▶ **DATA**:
--
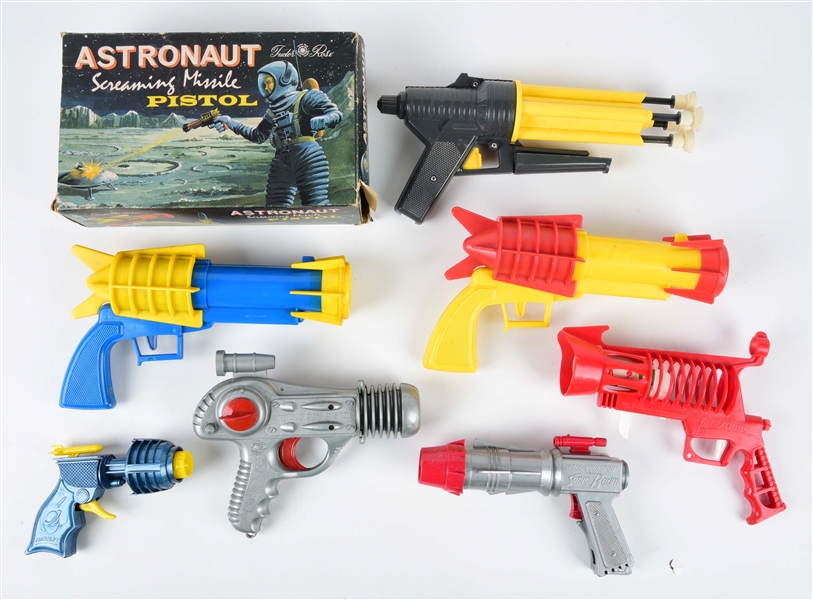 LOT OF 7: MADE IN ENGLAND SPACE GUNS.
--
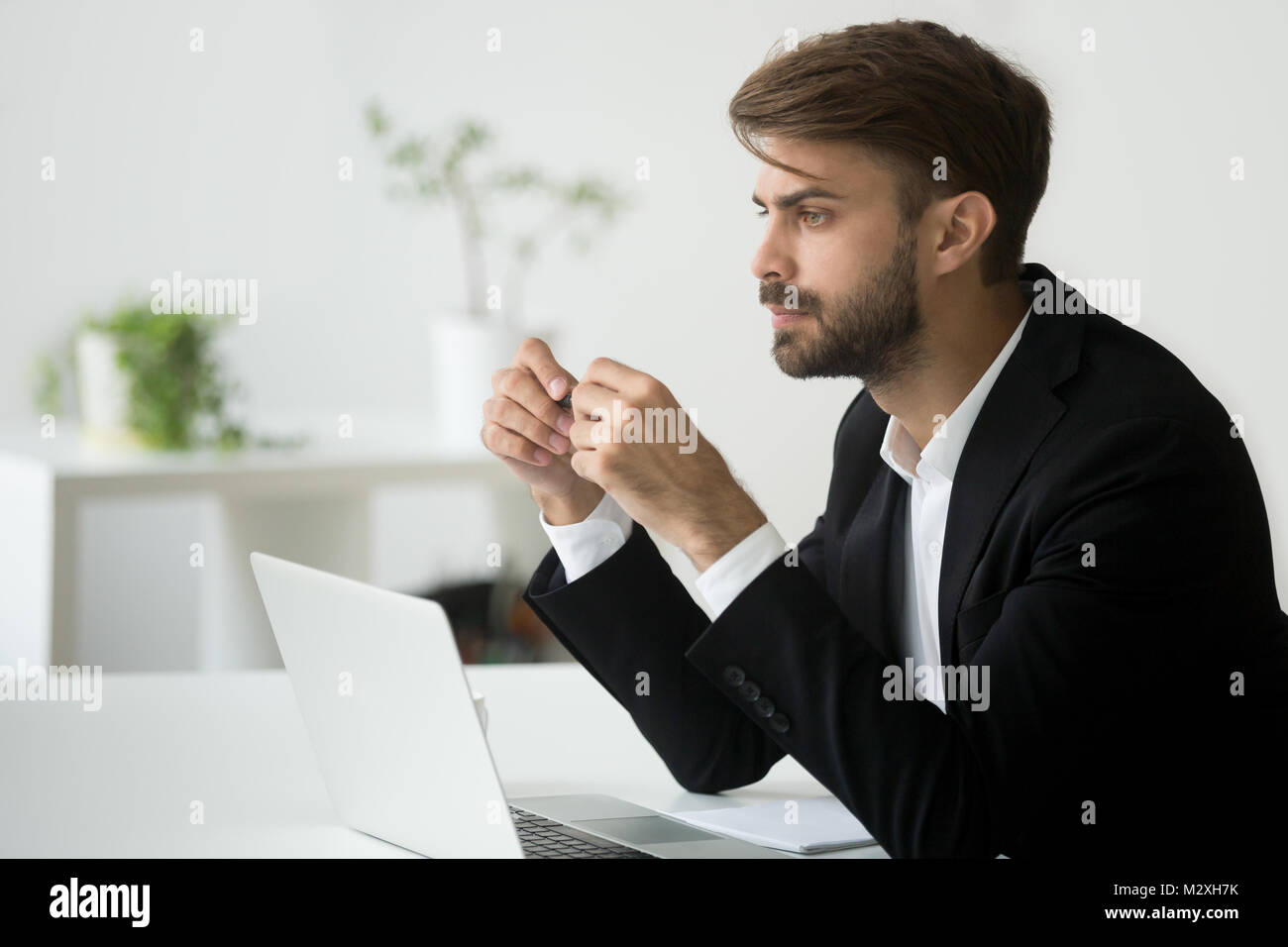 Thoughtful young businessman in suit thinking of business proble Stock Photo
--
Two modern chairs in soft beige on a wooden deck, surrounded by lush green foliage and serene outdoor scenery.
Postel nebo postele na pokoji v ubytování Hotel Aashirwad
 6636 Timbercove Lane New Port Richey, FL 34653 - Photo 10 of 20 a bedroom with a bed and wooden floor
--
▶ **PROBLEM TO SOLVE**: Report each line of the data in which "wooden" occurs.

▶ **EXPECTED OUTPUT**:
Two modern chairs in soft beige on a wooden deck, surrounded by lush green foliage and serene outdoor scenery.
 6636 Timbercove Lane New Port Richey, FL 34653 - Photo 10 of 20 a bedroom with a bed and wooden floor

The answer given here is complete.